* [Task to complete] Transcribe exactly the line with "Hetki Marry Me Kanapasta packshot" and each line that follows it in the listing, down to the last, omitting all pictures.

* [Source material]
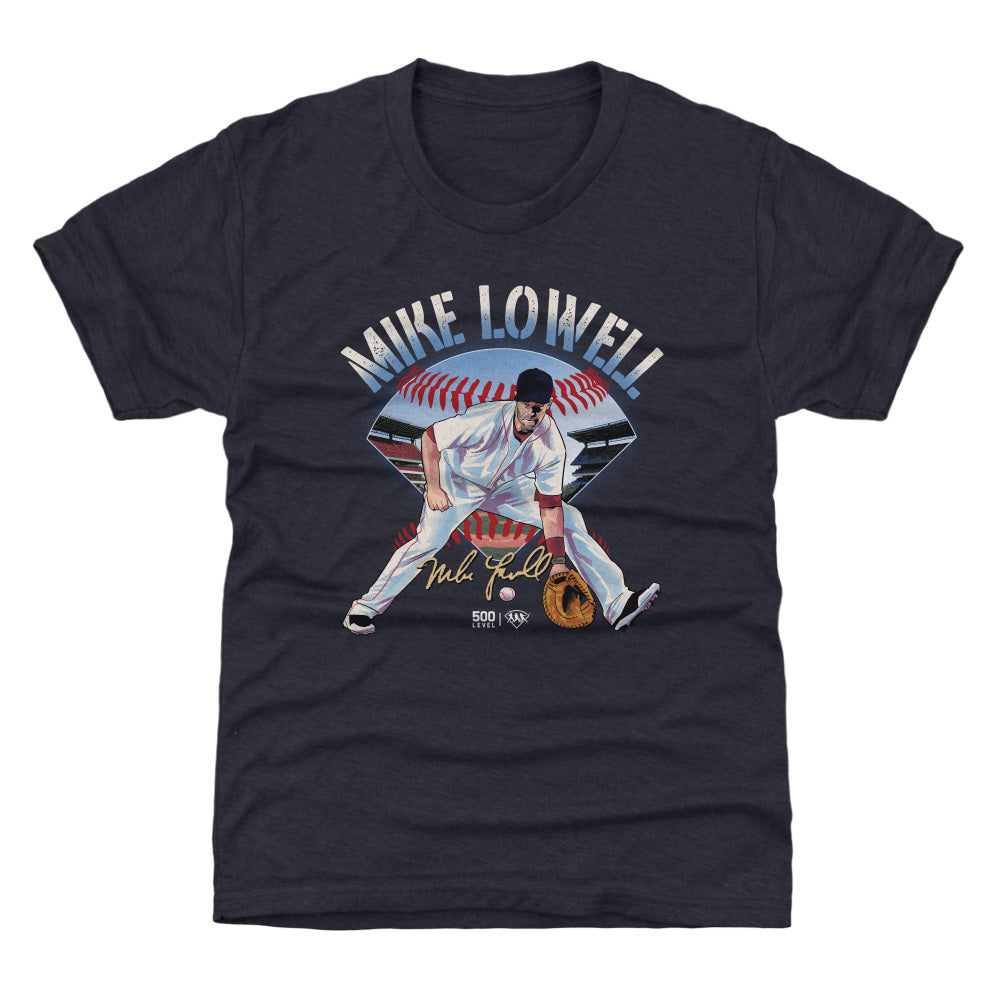 Mike Lowell Kids T-Shirt | 500 LEVEL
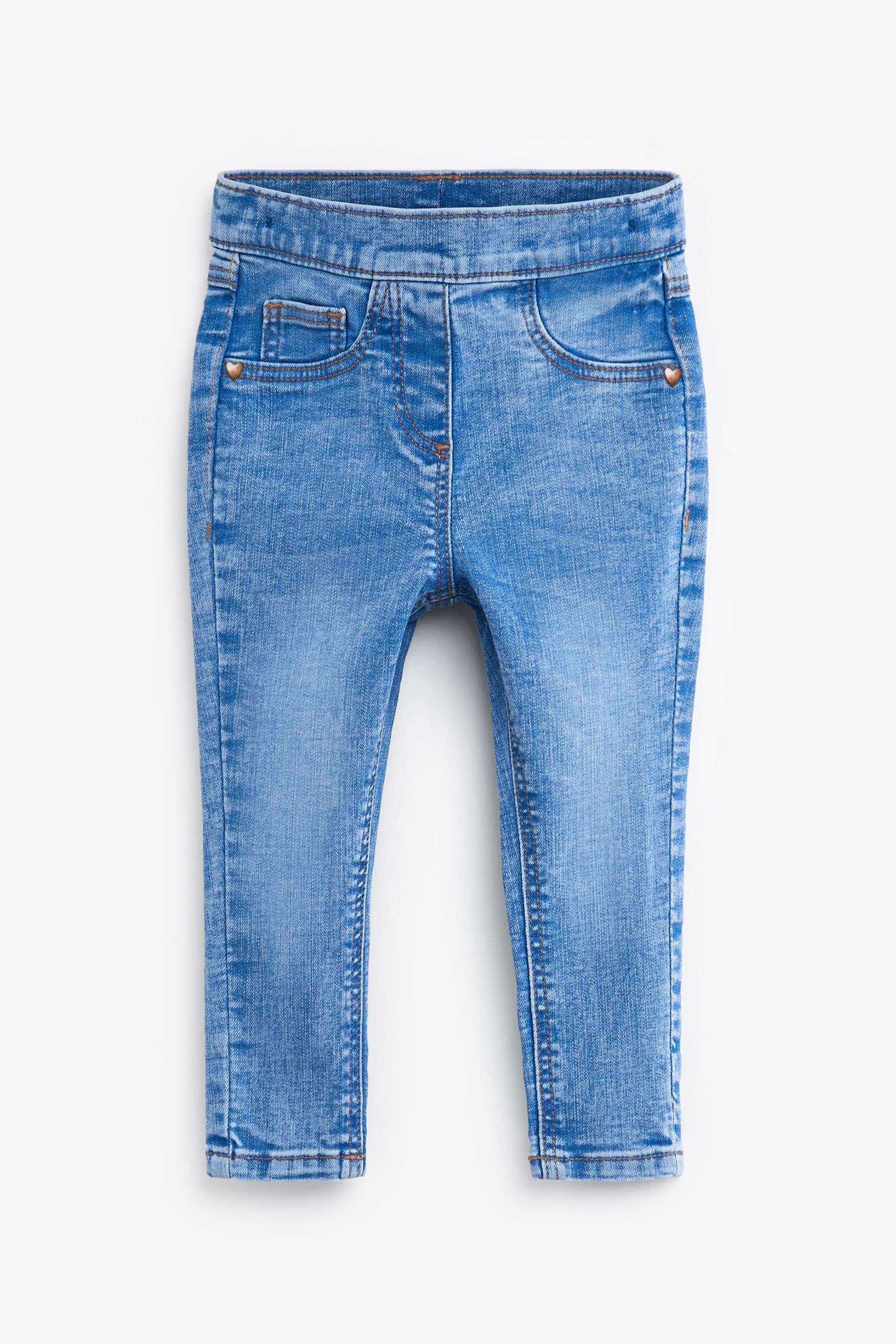 Denim Bright Blue Super Skinny Fit Jeggings (3mths-7yrs)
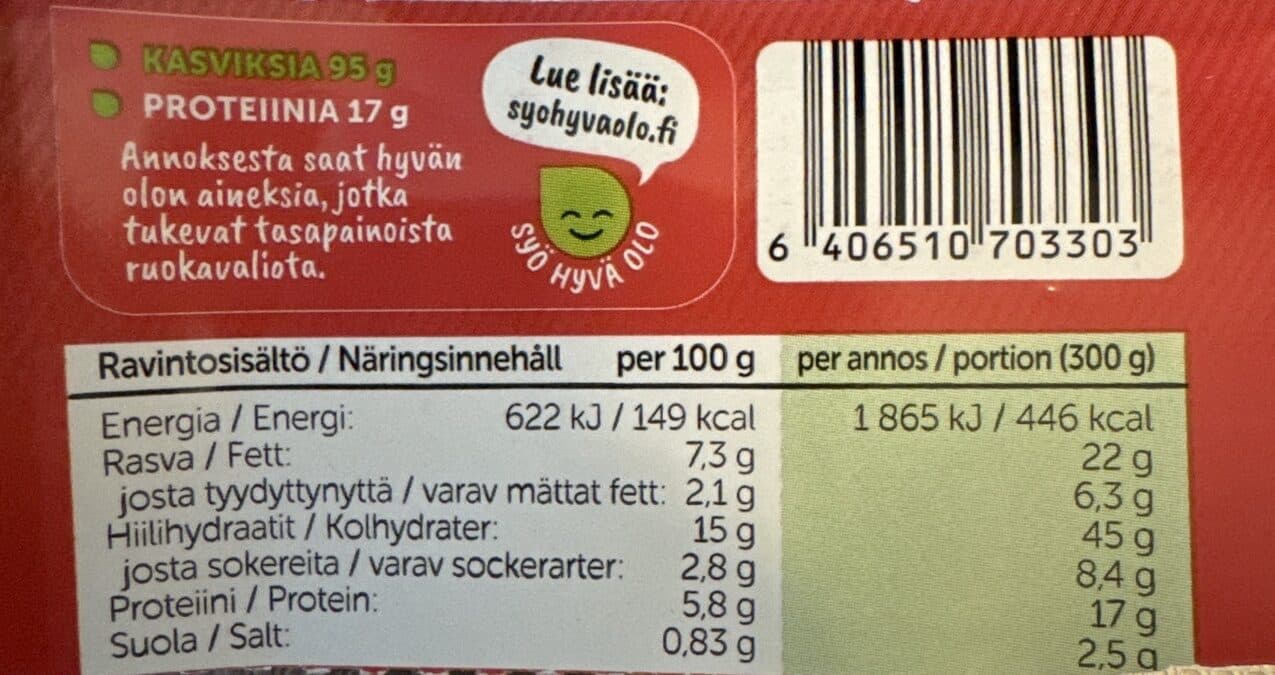 Hetki Marry Me Kanapasta packshot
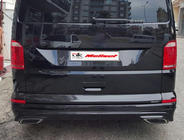 Volkswagen T6 2015–2024 Kunststof kofferklepstrip (spuitklaar) foto 4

* [Answer]
 Hetki Marry Me Kanapasta packshot
 Volkswagen T6 2015–2024 Kunststof kofferklepstrip (spuitklaar) foto 4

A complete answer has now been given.